John Roper Tomb in Lynstead,
Creative Commons.
Eliza Roper and George Vaux’s marriage had problems at the start. She was the daughter of Kentish aristocrats remotely related to the son-in-law of Thomas More, and George and his father Baron William Vaux were notorious recusants.

Since the marriage united two prominent Catholic families, it required the permission of Elizabeth, who was not asked. The Queen was known to be forgiving, but not when openly defied. The marriage stood, but to appease an angry,
vindictive Queen, George was passed over as his father’s heir in favor of his younger brother Ambrose who Eliza soon beguiled.  As a daughter-in-law, she was characterized as a domineering bully.  Per her mother-in-law’s brother Thomas Tresham[3], Eliza moved them out of Harrowden Hall into a smaller house and connived to take control of their wealth. Her brother-in-law Ambrose thought Eliza was a goddess but her husband's famous sisters, the recusants Anne Vaux and Eleanore Vaux Brokesby resented her treatment of their father and step-mother.

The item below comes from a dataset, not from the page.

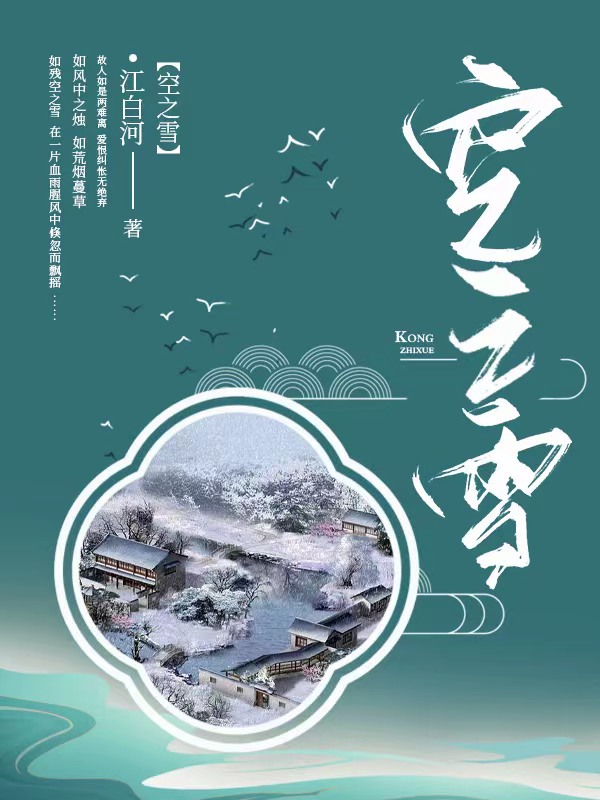 空之雪全文在線閱讀華世君和依雪小說(shuō)全本無(wú)彈窗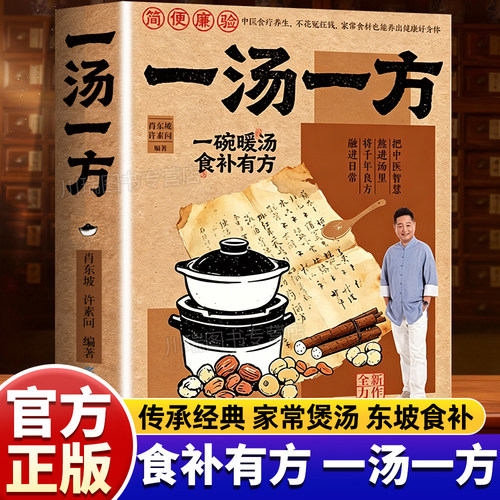 一汤一方正版书籍家庭必备养生汤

By 1590, George had reconciled with his father, and Ambrose ceded his rights of heirship back to George. What role Eliza may have played in the maneuvering is not recorded. Ostensibly the Queen had recovered from her earlier snit and posed no objection. There is no question that while he lived, Eliza adored her husband. When he died, she went into deep mourning for the better part of a year and refused to enter the part of the house where he died.  She was devoted to the advancement of her son, but she was equally absorbed in her defense of her religion.  While her sisters-in-law Anne Vaux and Eleanore Brooksby were of equal zeal, they and Eliza were not confederates. Anne and Eleanore lived in  properties they had inherited, primarily at White Webbs, where they often gave haven to the Jesuit Superior Henry Garnet. Eliza, however,was a patron of the Jesuit aristocrat, John Gerard, Garnet's protege.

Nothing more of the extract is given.